Stop alle auto a benzina e diesel dal 2035: via libera definitivo dal Parlamento Ue

Via libera definitivo del Parlamento europeo al piano Ue sul blocco definitivo alla vendita di auto e altri veicoli inquinanti (quindi alimentati a benzina e diesel) di nuova immatricolazione a partire dal 2035. L’emiciclo di Strasburgo ha approvato la norma parte di Fit 55 con 340 voti favorevoli, 279 contrari e 21 astenuti. Il nuovo regolamento è passato grazie al sì di Socialisti e Democratici, dei Verdi, delle Sinistre e di un’importante fetta dei liberali di Renew. Netto anche l’appoggio della delegazione del M5S dai non iscritti.
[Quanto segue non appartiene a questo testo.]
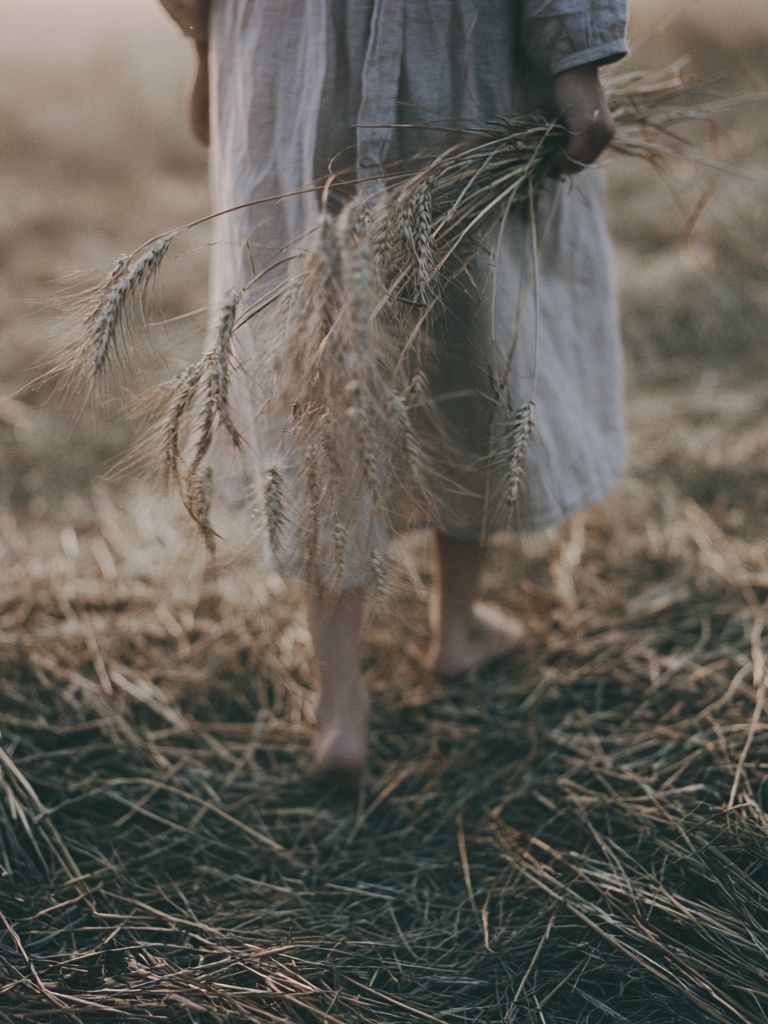 Harvest Field Photography Print. poster detail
Minoritaria (venticinque membri), invece, la fetta del Partito popolare europeo che ha votato a favore dello stop.

Il 2035 è stato indicato dal Parlamento Europeo e dalla Commissione Europea come data-limite per la definizione del passaggio definitivo alla produzione di auto elettriche. Ma in vista della revisione della norma sull’auto prevista per il 2026, il Partito Popolare Europeo si prepara a dare battaglia per garantire maggior pragmatismo.

La messa al bando totale dei motori a combustione dal 2035 e la conseguente elettrificazione a tappe forzate è un grave errore industriale e politico, che mette a rischio migliaia di aziende e fino a 500mila posti di lavoro nella filiera dell’auto“, ha dichiarato in Commissione Trasporti l’eurodeputato di Forza Italia Massimiliano Salini, relatore del Ppe in Commissione Tran sul regolamento relativo agli standard di emissioni per auto nuove e veicoli leggeri.
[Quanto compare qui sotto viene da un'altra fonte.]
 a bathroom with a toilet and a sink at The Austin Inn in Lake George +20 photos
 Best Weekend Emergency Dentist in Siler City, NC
Salini si è scagliato già in passato contro l’eccessivo zelo ideologico e il rifiuto della neutralità tecnologica da parte degli operatori politici, e in questo caso rincara la dose: dato che l’auto europea rappresenta solo l’1% delle emissioni mondiali, rottamare un comparto industriale in nome dello zelo ideologico è rischioso e non porterà benefici all’ambiente. Salini parla a nome del Ppe e rilancia: “votiamo contro un accordo che di fatto misconosce ideologicamente il principio di neutralità tecnologica, operando una scelta ipocrita anche sul piano dell’anidride carbonica“.

La decisione, nota Salini, “al momento fa felici solo gli ultrà di un ambientalismo burocratico e superficiale, sordo alle esigenze di famiglie e imprese“. Tra i punti critici segnalati da Salini si sottolinea “l’enorme incertezza circa la decarbonizzazione della produzione di elettricità” che va di pari passo con l’accelerazione e la fissazione di paletti troppo stringenti per il comparto auto. Il calcolo delle emissioni al tubo di scarico e non sull’intero ciclo di vita dei veicoli, come propone di cambiare il Ppe, rischia di rendere “propaganda” la norma. E infine c’è il problema di fondo che su queste colonne aveva già fatto notare il manager Andrea Taschini della dipendenza industriale dalla Cina.

Questo tema unisce la maggioranza italiana anche in Europa. Forza Italia, Lega e Fratelli d’Italia da tempo sono contrari a tale misura così come alla svolta dell’Unione Europea sulle case “green” destinata a essere votata a mazo dall’Eurocamera. Ora che la norma è passata la palla va in mano a governi e maggioranze politiche, che devono negoziare eventuali emendamenti ragionevoli per far sì che al momento della verifica della fattibilità della transizione, nel 2026, l’Europa non si trovi sul sentiero della demolizione della sua industria automobilistica per fini ideologici. Una svolta che riguarderebbe da vicino anche l’auto italiana, parte della catena del valore del settore nel Vecchio Continente. E che non può essere sacrificata per un ambientalismo di puro marchio ideologico.